In humans, there is a variant of the ARC gene, the NM_015193.4:c.*742 + 58C > T non-coding single nucleotide polymorphism (SNP), which could potentially explain some of the inter-individual variability in SWS and SWA. The variant allele (T) of this SNP appears in approximately 28% of the global population, either as heterozygotes or homozygotes, whereas the ancestral allele occurs more frequently, in ~ 72% of the population (1000 Genomes Project). The human ARC gene is involved in dopaminergic and glutamatergic signaling [23], and ARC’s impact on these or other systems may have implications for sleep regulation that may be exposed by investigating the effects of the ARC SNP on sleep physiological and waking neurobehavioral markers of sleep homeostasis. While the molecular and functional consequences of the ARC SNP in question have yet to be characterized, we hypothesized that this SNP is associated with the individual differences in SWS and SWA homeostatic responses to TSD, in a similar manner to what has been shown in the rodent literature with the Arc knockout model described above [22]. Given the role of sleep homeostasis in waking neurobehavioral functioning [2], we also hypothesized that any differences in sleep homeostatic regulation attributable to the ARC SNP may have consequences for waking neurobehavioral functioning in response to TSD. Here we tested these hypotheses in a laboratory study of TSD in healthy young adults.

Methods

Subjects

N = 50 healthy, young adults (27.3 ± 4.9 years old; 54% women) participated in one of two in-laboratory studies conducted in the Sleep and Performance Research Center at Washington State University Health Sciences Spokane. Study eligibility was determined by means of a telephone interview, two in-laboratory screening sessions which included a physical examination and multiple questionnaires, blood and urine testing, and evaluation of baseline polysomnography.
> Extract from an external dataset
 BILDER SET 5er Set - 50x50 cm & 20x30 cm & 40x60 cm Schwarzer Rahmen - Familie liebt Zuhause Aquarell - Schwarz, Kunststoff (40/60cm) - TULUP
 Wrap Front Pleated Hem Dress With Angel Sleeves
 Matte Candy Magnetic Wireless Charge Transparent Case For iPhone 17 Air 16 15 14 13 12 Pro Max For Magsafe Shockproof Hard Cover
Subjects met the following inclusion criteria: age 22–40 years; physically and psychologically healthy; no clinically relevant abnormalities in blood and urine; no current medical or drug treatments (except contraceptives); free from traces of drugs and alcohol; not a current smoker; no history of moderate to severe brain injury; no history of a learning disability; no previous adverse reaction to acute sleep deprivation; no vision or hearing impairment unless corrected to normal; not pregnant; no sleep or circadian disorders; no travel across time zones within 1 month prior to study enrollment; no shift work within 3 months prior to study enrollment; and proficient English speaker. In addition, subjects reported a regular wake time between 06:00 and 09:00 and a habitual sleep duration between 6 and 10 h per night.

The studies were approved by Washington State University’s Institutional Review Board. All subjects gave written informed consent and were financially compensated for their time.

Experimental design and procedures

The two studies from which the data are drawn were equivalent in design. They were first described by Satterfield et al. (2015) [24] and Chavali et al. [25].

For the week prior to entering the laboratory, subjects were instructed to maintain their habitual sleep and wake times at home, to avoid napping, and to refrain from caffeine, alcohol, tobacco, and drug use. Sleep and wake times were verified by means of wrist actigraphy (Actiwatch-2, Philips Respironics, Bend, OR, USA), sleep diary, and called-in bedtimes and waketimes. A urine drug test and alcohol breathalyzer test were performed before admission into the laboratory.

Each of the two studies included a 4-day/3-night in-laboratory experiment with a 38-h period of TSD. The TSD period was preceded by a baseline day, including a 10-h time in bed (TIB) baseline sleep opportunity from 22:00 to 08:00; and followed by a recovery day, including a 10-h TIB recovery sleep opportunity from 22:00 to 08:00. Both baseline and recovery sleep periods were recorded with polysomnography (PSG). Waking neurobehavioral functioning was measured approximately every 2 h during scheduled wakefulness. Subjects received training on neurobehavioral assessments on day 1 of the laboratory study (see Figure 1).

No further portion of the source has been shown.